The official codec for HTML5's video tag has been under debate ever since developers began adopting the new technology. A current standard, H.264 was a codec thought to be just perfect for use in the video tag, so perfect that Microsoft even announced Internet Explorer 9 will only support the codec for their HTML5 video tag. Google however has other plans for what codec will rise above the rest.
Google will begin phasing out H.264 support in Chrome over the next couple of months, Product Manager Mike Jazayeri writes on the Chromium Blog. Chrome will instead support their own codec, WebM (VP8), and the outside Theora codec as both are "completely open codec technologies." The changes made to Chrome in the next few months will allow for support of these codecs simply via the HTML5 video tag.
Reasoning behind removing H.264 from Chrome is that it, while playing "an important role in video," it is not truly an open codec like WebM or Theora technologies. H.264 was under fire last Fall for fears that people would be forced to pay royalties to use the codec.

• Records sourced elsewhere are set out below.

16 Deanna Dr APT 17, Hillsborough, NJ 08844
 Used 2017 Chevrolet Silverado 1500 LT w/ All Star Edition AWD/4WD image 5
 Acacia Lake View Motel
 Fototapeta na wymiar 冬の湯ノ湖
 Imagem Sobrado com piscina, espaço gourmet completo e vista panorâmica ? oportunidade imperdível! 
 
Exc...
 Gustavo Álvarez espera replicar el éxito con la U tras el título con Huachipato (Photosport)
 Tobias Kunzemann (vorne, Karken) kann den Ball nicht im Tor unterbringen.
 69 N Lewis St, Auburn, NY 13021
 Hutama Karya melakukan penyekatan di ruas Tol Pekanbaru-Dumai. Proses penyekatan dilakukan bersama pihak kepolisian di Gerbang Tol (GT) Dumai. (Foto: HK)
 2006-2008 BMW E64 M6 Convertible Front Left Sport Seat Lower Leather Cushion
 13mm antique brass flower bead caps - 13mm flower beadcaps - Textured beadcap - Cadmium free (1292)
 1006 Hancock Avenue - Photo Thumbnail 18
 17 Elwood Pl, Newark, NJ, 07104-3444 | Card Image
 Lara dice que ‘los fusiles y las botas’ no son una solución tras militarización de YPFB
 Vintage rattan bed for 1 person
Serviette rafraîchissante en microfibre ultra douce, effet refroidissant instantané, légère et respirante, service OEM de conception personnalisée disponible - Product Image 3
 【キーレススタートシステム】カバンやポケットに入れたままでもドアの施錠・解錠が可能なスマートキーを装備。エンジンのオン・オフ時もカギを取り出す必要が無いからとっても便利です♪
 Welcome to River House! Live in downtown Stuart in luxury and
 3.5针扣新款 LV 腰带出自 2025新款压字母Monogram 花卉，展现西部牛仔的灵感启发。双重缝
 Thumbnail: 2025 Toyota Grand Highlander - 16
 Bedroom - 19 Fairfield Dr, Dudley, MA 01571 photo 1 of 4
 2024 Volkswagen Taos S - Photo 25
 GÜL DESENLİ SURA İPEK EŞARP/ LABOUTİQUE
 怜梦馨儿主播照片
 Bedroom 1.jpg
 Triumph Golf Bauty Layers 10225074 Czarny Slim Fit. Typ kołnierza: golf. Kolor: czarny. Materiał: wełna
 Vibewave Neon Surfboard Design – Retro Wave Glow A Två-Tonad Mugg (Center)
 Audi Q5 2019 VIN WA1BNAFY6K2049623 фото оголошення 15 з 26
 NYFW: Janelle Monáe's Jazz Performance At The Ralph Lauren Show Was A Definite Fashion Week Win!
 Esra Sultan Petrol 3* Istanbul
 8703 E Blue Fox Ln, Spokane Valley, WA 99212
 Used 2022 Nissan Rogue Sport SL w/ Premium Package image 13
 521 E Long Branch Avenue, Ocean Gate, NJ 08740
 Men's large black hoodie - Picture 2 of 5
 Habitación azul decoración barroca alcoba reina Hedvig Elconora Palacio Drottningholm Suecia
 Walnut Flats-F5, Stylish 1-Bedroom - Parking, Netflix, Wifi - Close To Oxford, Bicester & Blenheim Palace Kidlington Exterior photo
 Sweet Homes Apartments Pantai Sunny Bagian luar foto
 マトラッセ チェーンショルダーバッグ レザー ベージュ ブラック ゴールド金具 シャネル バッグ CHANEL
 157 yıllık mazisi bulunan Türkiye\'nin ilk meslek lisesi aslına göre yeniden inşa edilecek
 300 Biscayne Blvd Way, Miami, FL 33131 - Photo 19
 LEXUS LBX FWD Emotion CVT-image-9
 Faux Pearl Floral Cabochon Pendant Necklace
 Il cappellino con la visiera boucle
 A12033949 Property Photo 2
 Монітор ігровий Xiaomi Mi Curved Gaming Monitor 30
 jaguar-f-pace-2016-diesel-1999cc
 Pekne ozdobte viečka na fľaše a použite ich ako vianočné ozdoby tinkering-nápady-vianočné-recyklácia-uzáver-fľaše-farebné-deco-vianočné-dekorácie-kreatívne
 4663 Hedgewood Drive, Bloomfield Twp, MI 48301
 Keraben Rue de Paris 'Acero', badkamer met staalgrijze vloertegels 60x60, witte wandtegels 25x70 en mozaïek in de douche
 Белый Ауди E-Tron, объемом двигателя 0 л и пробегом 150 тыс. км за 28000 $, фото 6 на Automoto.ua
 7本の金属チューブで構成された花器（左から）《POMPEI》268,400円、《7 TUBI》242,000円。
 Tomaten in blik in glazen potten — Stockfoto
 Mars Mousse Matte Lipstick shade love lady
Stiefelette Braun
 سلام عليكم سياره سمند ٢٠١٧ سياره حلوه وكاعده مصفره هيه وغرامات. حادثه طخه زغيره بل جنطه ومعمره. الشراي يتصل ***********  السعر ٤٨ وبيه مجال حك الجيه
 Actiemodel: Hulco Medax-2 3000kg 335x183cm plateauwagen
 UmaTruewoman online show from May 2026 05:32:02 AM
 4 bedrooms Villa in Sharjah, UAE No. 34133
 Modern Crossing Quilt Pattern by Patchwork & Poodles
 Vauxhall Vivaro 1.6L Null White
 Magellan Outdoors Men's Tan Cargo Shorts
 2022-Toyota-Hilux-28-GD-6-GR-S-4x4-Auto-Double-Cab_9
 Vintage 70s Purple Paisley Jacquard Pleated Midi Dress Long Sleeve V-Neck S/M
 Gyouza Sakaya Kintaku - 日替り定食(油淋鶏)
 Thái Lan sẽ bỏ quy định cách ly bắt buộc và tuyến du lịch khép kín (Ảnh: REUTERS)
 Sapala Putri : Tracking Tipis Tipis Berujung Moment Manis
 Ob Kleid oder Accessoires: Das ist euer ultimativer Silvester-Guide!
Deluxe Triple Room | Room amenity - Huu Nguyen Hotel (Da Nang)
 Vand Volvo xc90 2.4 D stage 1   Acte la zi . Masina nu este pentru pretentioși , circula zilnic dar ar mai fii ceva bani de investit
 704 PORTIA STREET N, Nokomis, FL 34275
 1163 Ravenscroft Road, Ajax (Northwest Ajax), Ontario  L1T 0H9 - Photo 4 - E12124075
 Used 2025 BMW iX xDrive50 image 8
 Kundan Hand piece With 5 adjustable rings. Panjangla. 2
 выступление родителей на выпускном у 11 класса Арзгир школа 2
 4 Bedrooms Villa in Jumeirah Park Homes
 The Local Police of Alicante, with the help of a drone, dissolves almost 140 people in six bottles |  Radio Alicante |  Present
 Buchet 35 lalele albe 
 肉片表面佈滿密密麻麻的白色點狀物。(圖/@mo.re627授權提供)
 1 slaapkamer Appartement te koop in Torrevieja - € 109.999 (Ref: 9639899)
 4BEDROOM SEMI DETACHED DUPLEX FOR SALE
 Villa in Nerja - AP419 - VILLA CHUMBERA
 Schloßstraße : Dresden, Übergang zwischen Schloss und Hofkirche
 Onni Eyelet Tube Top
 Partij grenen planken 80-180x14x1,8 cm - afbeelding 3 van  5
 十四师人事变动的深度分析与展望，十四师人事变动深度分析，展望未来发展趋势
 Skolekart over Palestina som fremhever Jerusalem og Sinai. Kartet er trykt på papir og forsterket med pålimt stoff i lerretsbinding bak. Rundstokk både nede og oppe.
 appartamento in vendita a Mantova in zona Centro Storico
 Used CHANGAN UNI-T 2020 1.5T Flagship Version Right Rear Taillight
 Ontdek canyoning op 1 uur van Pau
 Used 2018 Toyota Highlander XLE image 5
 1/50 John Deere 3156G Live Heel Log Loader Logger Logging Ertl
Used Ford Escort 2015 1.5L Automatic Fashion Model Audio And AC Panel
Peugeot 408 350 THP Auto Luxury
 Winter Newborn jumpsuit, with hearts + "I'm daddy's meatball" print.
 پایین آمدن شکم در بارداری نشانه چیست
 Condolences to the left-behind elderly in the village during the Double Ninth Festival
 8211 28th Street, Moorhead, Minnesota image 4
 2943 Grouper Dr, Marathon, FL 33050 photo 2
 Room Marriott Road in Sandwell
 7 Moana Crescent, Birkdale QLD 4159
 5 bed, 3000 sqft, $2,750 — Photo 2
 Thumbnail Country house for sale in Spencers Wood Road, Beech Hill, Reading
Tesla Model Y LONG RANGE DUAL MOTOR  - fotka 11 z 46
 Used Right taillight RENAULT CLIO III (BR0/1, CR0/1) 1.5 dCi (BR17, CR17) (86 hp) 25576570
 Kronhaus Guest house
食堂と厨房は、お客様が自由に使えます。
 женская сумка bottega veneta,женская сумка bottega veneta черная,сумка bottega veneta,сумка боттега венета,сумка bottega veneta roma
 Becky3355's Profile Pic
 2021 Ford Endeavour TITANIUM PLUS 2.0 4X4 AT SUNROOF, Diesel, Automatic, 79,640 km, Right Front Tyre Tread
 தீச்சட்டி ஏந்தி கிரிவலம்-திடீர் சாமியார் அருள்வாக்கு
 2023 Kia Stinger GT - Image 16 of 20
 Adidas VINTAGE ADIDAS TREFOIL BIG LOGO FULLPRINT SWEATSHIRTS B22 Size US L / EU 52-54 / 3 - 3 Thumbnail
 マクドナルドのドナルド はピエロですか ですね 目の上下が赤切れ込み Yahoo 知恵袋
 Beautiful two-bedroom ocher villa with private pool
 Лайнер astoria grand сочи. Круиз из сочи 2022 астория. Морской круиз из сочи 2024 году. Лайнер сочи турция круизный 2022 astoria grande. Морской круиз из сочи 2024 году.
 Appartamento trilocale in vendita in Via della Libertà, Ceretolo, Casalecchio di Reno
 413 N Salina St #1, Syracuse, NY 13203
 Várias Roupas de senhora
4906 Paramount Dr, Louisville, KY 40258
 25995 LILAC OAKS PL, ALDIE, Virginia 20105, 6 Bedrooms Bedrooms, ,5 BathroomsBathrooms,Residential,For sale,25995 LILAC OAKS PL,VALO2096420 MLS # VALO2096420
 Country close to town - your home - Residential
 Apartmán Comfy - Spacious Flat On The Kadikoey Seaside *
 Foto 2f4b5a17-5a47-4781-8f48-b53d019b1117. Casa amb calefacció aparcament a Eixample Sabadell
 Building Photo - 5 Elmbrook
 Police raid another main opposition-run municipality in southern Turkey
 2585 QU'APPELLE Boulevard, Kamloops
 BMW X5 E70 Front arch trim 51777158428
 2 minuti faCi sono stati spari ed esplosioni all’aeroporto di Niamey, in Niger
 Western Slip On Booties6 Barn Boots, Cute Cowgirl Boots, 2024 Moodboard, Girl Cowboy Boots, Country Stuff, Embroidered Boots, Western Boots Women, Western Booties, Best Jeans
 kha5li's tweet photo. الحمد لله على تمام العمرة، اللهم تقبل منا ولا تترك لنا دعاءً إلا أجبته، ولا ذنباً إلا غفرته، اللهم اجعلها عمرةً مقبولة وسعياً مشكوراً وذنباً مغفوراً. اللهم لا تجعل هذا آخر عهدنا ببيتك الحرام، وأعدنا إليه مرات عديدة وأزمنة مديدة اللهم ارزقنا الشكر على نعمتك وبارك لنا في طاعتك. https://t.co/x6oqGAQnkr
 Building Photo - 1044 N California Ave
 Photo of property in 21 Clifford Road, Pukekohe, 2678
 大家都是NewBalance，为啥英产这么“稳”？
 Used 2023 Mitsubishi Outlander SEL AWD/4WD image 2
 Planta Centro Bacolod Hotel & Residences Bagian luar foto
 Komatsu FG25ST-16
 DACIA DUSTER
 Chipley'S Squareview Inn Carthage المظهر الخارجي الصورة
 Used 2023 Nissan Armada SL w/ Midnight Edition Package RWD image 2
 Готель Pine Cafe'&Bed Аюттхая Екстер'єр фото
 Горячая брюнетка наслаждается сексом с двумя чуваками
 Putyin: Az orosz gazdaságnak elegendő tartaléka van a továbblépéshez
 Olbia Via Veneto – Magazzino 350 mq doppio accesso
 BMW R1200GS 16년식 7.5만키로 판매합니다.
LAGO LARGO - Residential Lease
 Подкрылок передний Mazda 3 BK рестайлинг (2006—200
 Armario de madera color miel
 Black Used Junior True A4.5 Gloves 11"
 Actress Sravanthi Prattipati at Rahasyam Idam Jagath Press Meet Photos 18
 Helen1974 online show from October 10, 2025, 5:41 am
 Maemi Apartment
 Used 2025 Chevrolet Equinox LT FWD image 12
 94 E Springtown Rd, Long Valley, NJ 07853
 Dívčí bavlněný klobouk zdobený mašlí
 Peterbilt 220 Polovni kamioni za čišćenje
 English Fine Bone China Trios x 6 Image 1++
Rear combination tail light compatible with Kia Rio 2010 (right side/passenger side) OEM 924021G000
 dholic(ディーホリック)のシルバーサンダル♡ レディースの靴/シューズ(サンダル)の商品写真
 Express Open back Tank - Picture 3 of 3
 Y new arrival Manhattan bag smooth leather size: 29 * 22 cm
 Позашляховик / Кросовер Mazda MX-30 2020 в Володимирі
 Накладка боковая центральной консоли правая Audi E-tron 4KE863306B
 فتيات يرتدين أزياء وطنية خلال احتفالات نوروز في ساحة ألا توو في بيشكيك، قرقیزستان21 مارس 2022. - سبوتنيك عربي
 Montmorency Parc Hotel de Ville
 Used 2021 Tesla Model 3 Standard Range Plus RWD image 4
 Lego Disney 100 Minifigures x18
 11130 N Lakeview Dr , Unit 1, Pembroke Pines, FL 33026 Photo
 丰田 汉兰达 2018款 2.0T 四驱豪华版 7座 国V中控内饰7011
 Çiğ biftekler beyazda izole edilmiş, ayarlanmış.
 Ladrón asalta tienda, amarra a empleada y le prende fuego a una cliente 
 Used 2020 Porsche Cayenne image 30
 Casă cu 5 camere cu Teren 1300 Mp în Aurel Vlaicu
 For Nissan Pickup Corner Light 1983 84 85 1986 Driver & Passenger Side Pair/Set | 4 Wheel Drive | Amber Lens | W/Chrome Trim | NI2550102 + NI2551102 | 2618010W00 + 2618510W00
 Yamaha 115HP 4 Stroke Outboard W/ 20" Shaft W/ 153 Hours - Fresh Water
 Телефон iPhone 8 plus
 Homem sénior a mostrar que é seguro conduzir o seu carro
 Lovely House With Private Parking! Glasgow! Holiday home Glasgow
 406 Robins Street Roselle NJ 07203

MPEG LA confirmed that H.264 will stay royalty-free to help create a standard for web video that all vendors could access with their mind at ease.
Google apparently is not satisfied enough, and only wishes to support truly open technologies as a goal of the company is to "enable open innovation." The search giant wishes to keep everything as open as possible, and with H.264 having patents owned by Microsoft and Apple, Google did not see that as fitting for their open web.